Records
=====

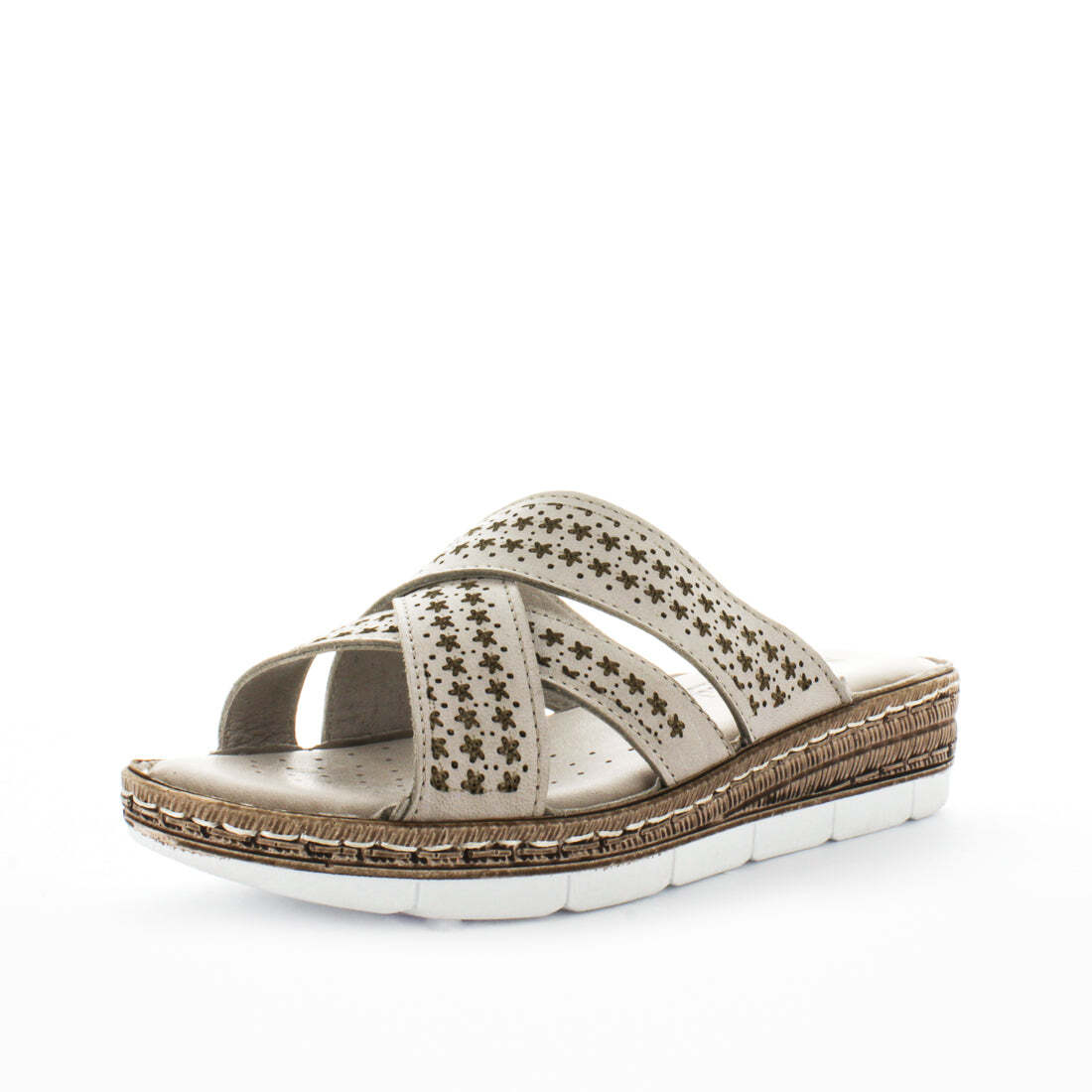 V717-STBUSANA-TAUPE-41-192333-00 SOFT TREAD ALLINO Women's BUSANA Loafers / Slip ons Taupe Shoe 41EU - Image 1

=====

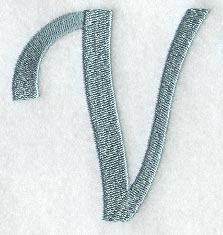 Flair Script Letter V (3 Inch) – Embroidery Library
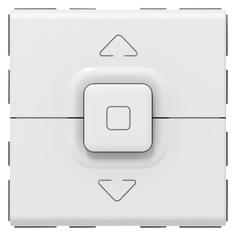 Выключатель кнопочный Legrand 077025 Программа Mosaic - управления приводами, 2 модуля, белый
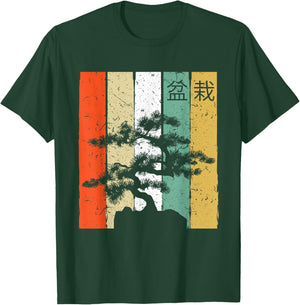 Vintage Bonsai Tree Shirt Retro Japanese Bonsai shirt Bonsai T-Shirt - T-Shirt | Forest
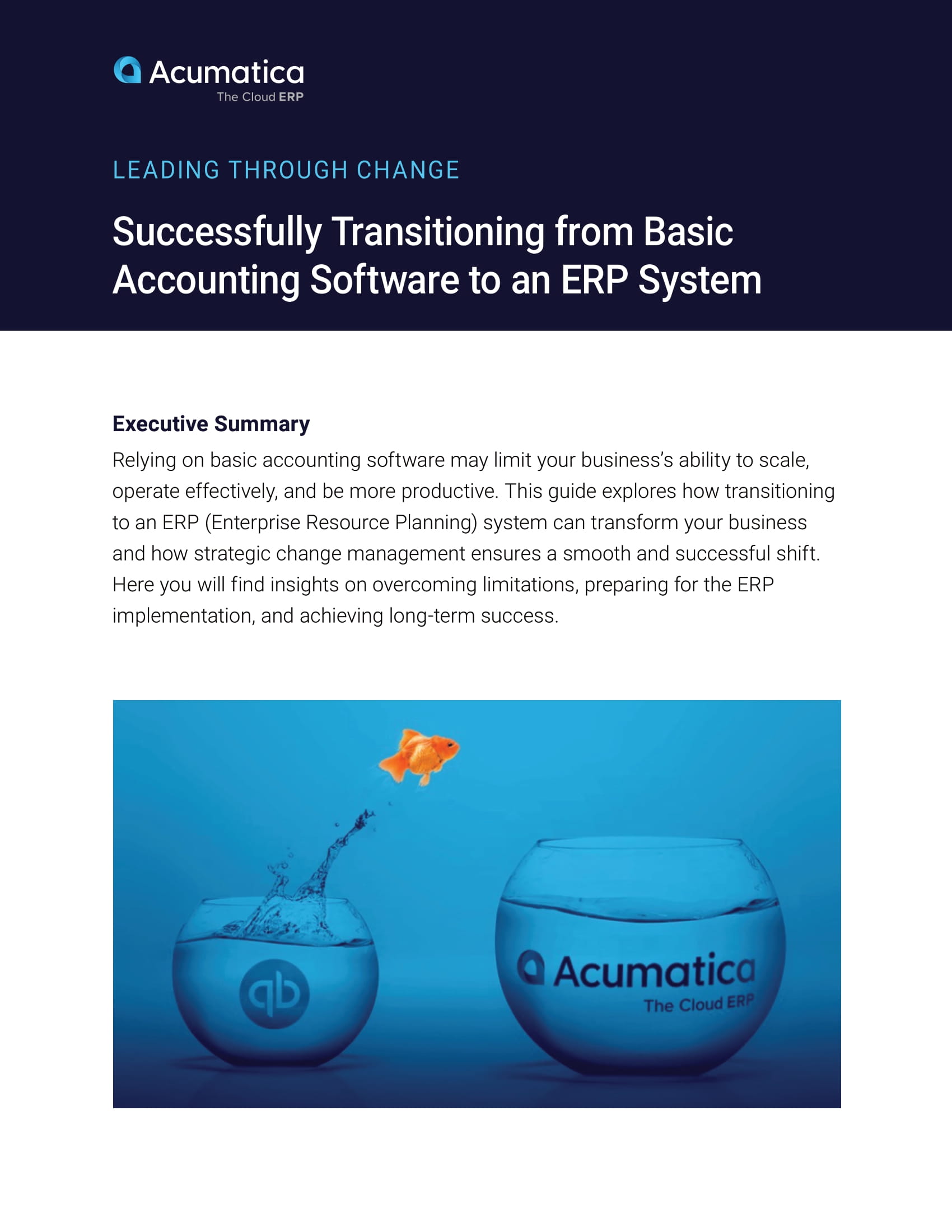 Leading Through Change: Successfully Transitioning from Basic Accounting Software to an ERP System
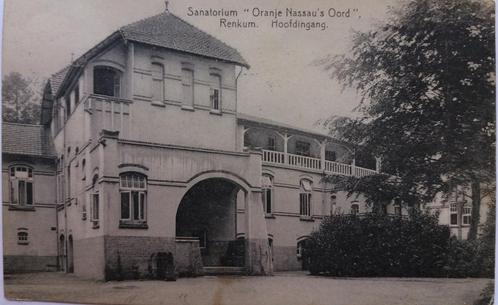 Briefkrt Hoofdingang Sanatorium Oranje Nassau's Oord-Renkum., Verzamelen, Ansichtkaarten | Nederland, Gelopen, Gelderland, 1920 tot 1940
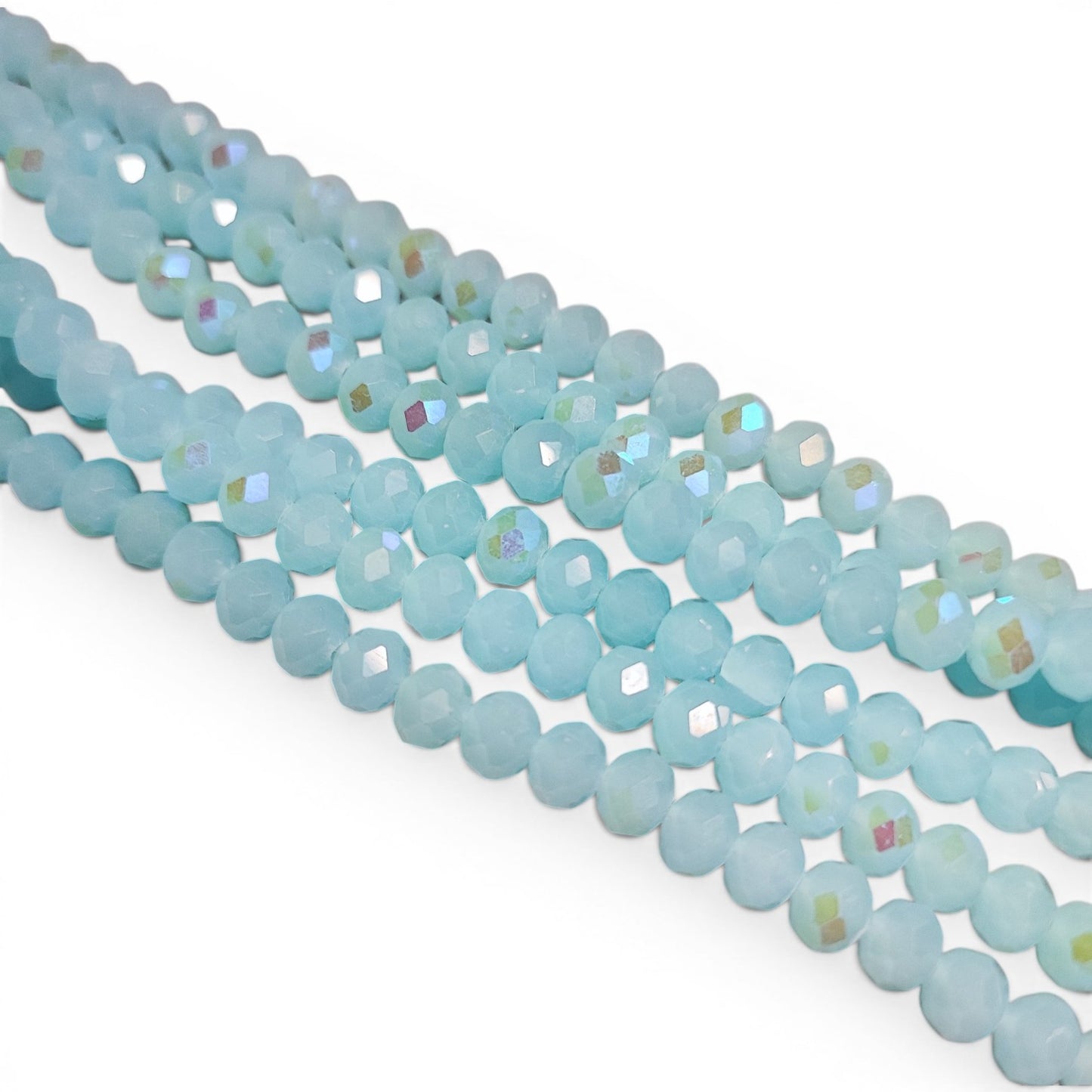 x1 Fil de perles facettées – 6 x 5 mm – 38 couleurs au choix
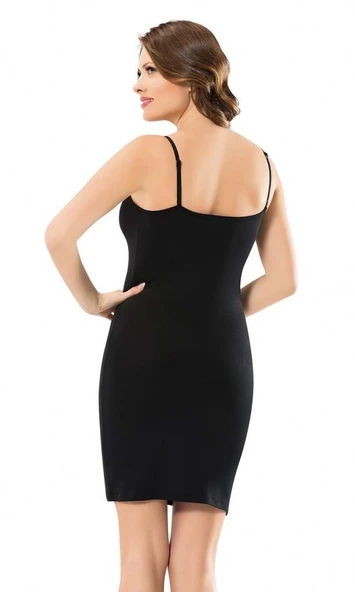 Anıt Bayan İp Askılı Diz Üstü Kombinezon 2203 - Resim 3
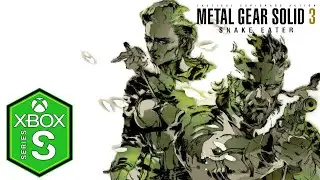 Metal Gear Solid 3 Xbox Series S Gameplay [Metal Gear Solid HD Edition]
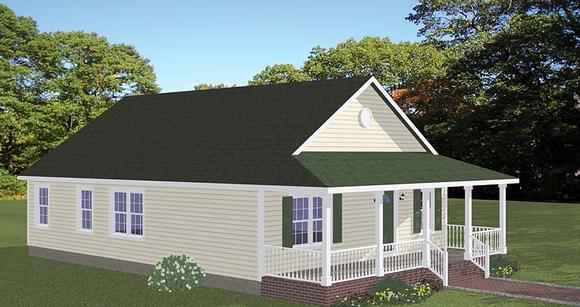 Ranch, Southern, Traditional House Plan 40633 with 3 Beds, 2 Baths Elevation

=====

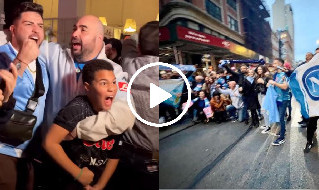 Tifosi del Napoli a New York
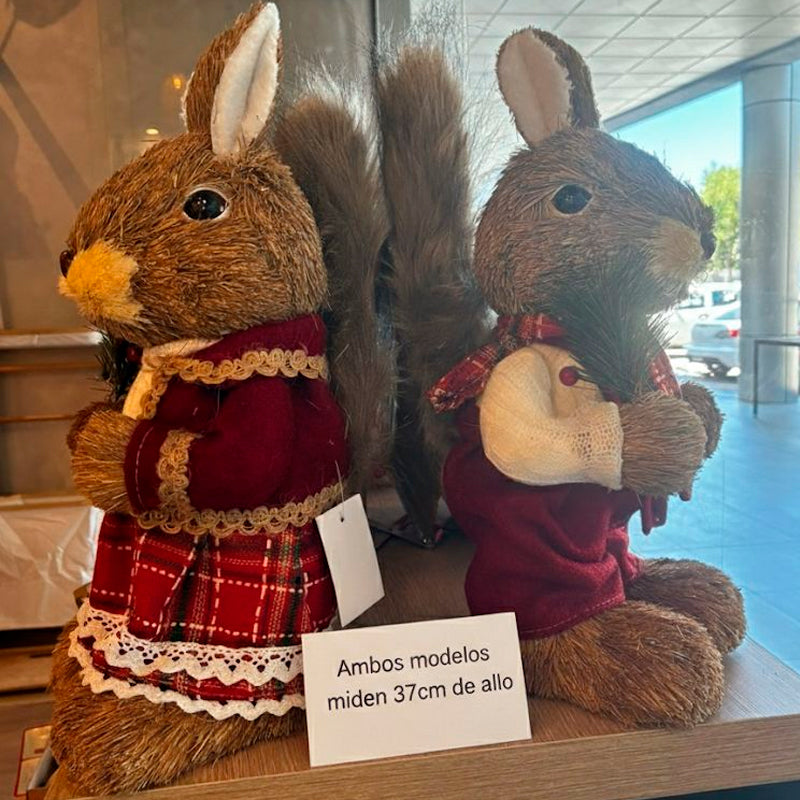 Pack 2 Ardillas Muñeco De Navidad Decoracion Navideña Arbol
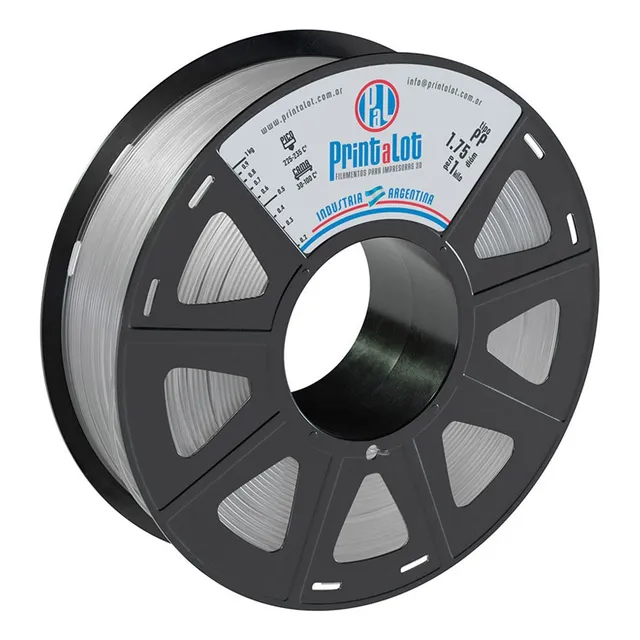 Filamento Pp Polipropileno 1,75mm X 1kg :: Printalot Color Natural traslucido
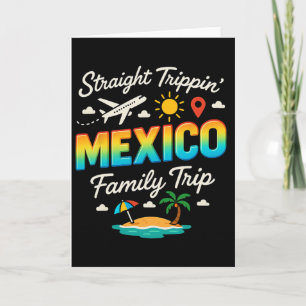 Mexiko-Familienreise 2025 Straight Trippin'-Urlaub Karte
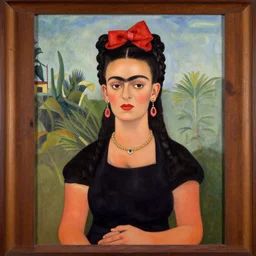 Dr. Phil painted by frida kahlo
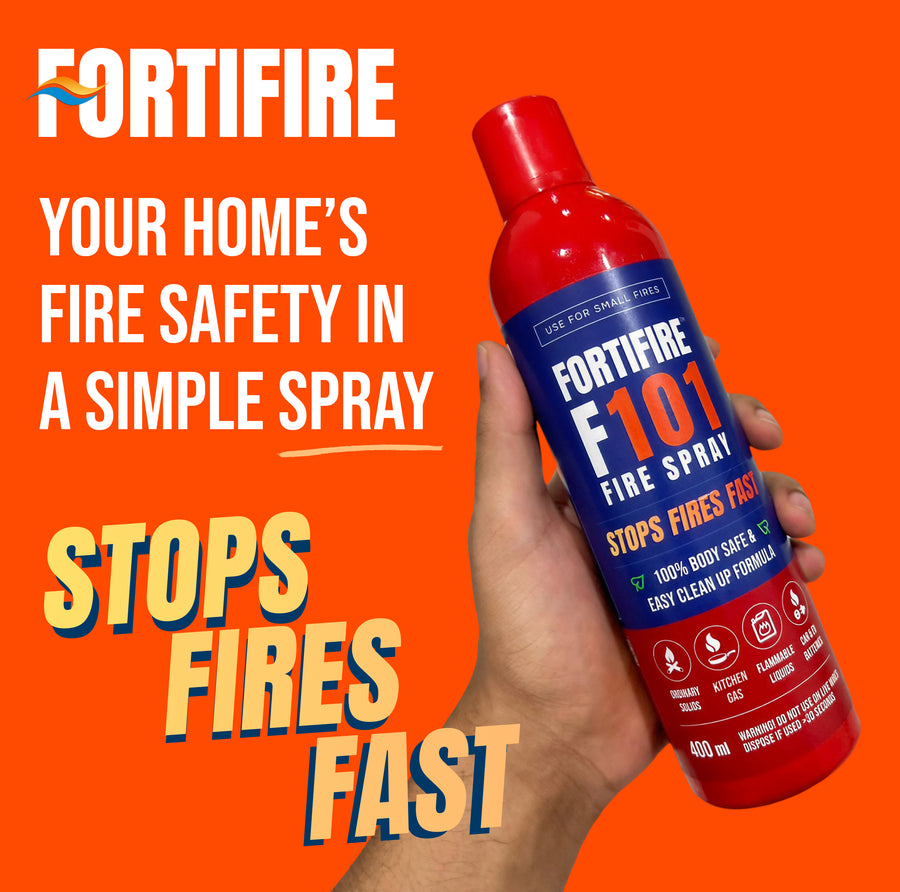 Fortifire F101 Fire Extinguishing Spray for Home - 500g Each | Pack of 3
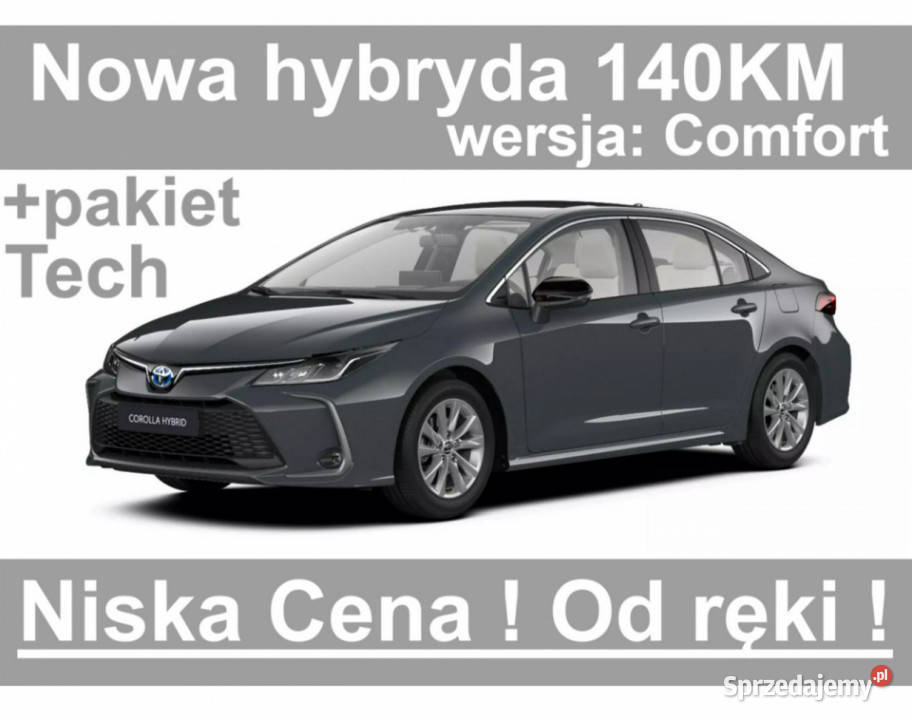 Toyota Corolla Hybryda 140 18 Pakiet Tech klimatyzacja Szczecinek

=====

Problem to work on
With pictures excluded, reproduce exactly the lines above from the one containing "Выключатель кнопочный Legrand" down to the one containing "Metal Gear Solid 3", those two included.

Reply to the task
 Выключатель кнопочный Legrand 077025 Программа Mosaic - управления приводами, 2 модуля, белый
 Vintage Bonsai Tree Shirt Retro Japanese Bonsai shirt Bonsai T-Shirt - T-Shirt | Forest
 Leading Through Change: Successfully Transitioning from Basic Accounting Software to an ERP System
 Briefkrt Hoofdingang Sanatorium Oranje Nassau's Oord-Renkum., Verzamelen, Ansichtkaarten | Nederland, Gelopen, Gelderland, 1920 tot 1940
 x1 Fil de perles facettées – 6 x 5 mm – 38 couleurs au choix
 Anıt Bayan İp Askılı Diz Üstü Kombinezon 2203 - Resim 3
 Metal Gear Solid 3 Xbox Series S Gameplay [Metal Gear Solid HD Edition]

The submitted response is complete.